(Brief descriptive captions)
▼
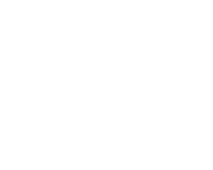 Sessions Laurels White.png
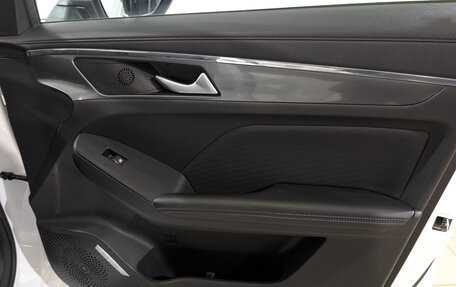 Haval Jolion, 2023 год, 1 300 000 рублей, 23 фотография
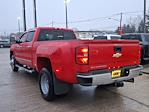 2016 Chevrolet Silverado 3500 Crew Cab 4WD, Pickup for sale #28231 - photo 3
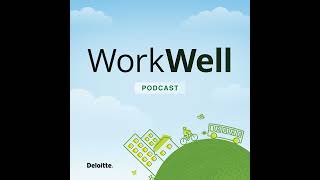 Carole Robin on exploring the relationship continuum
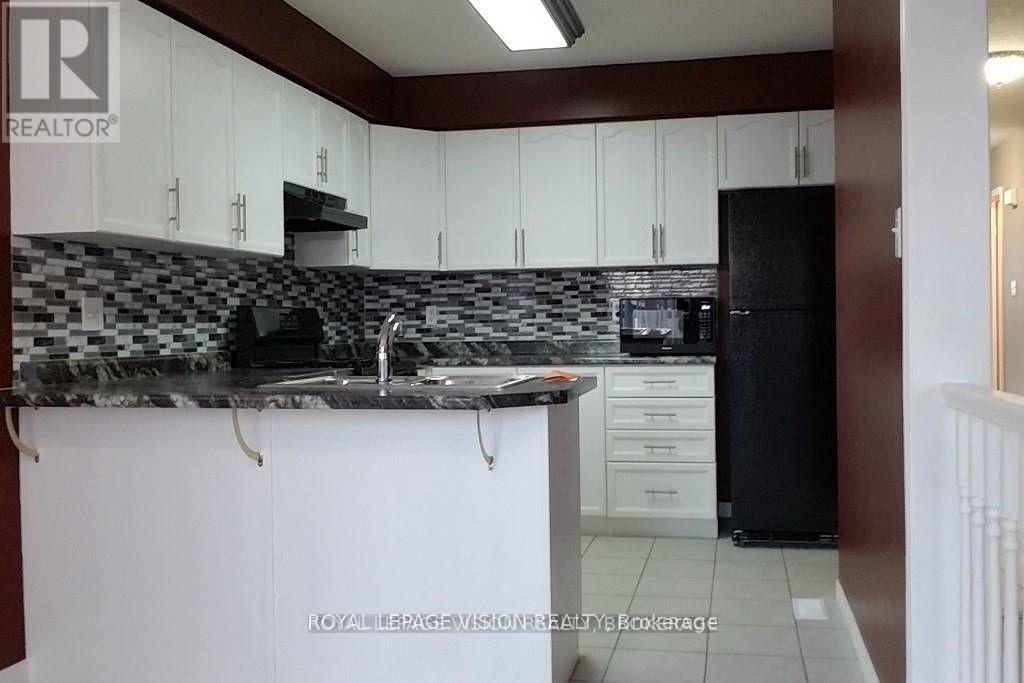 3 King William Court, Cambridge, Ontario  N3C 4J2 - Photo 7 - X12859512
▲
§ **What to produce**
Where the data contains images, drop them and print the rest exactly.

§ **Completed exercise**
 Sessions Laurels White.png
 Haval Jolion, 2023 год, 1 300 000 рублей, 23 фотография
 2016 Chevrolet Silverado 3500 Crew Cab 4WD, Pickup for sale #28231 - photo 3
 Carole Robin on exploring the relationship continuum
 3 King William Court, Cambridge, Ontario  N3C 4J2 - Photo 7 - X12859512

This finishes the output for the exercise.